According to UCLA’s 2020 Hollywood Diversity Report, among the top 200 film releases in 2018 and 2019, 3 out of 10 lead actors were people of color, less than 2 out of 10 film directors were people of color, and less than 2 out of 10 film writers were people of color. Meanwhile, only 24 per cent of credited writers were people of color and only 22 per cent of all episodes airing, or streaming, were directed by people of color, on average, across all platforms. Not only do these statistics show a lack of diversity and inclusion, but it discloses issues of authenticity. A person who plays the role of or tries to write the story of another person who is of a different race will never be able to do so authentically. For example, when a movie or voiceover project calls for a character who is of Asian descent, then an actor who is of Asian descent should be cast for the role. As obvious as this decision may seem, there have been many castings that reflected the opposite. For example, when Tilda Swinson was cast in a Tibetan role in Dr. Strange and Emma Stone was cast as a part Native American/Chinese American in Aloha. This same situation was happening with animated films and TV series, where white voice actors were being cast to voice black characters.  

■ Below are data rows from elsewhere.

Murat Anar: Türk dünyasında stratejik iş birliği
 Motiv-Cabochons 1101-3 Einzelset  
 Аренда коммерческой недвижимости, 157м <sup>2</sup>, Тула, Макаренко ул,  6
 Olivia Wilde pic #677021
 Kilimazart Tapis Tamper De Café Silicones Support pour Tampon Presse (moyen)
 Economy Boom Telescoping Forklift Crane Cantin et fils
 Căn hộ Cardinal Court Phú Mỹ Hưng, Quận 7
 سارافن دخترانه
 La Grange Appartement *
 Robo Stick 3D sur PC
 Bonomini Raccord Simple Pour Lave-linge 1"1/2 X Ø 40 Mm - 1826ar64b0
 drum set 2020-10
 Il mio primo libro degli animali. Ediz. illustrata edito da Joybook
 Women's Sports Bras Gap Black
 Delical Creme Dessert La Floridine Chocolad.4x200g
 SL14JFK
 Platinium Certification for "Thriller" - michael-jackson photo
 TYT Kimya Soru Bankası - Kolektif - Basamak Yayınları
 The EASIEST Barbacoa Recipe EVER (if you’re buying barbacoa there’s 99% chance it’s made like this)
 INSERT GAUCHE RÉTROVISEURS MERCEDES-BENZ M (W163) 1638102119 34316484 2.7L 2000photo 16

But following the increasing publicity surrounding nationwide protests against police brutality, violence against people of Asian and Pacific Islander heritage following the spread of COVID-19, and the killings of George Floyd, Ahmaud Arbery, and Breonna Taylor, which is just naming a few, there have been calls for change in all corners of pop culture and the entertainment industry. One of the areas that started seeing major change was the TV/movie voice acting industry. *Several white voice actors from popular TV shows, who were originally cast to play characters of color, have stepped away from their roles in order to encourage the show’s producers to recast them authentically. * One of the voice actors who participated in this movement was Jenny Slate, who stepped down from her role as a biracial character on the popular Netflix comedy Big Mouth. She was replaced by Ayo Edebiri.  

As we mentioned earlier, the localization and entertainment industry still has a long way to go in terms of increasing diversity, but the movement has started and it is growing. Adding more diversity in the writer’s rooms, studios, the director chairs, and castings will not only increase authenticity in the final product presented onscreen but will encourage more creativity and inclusivity. At LinQ Media Group, we are allies in the push for more diversity and value authenticity in the localization process, because authenticity will always produce the best-finished work and diversity will always lead to innovative ideas and solutions.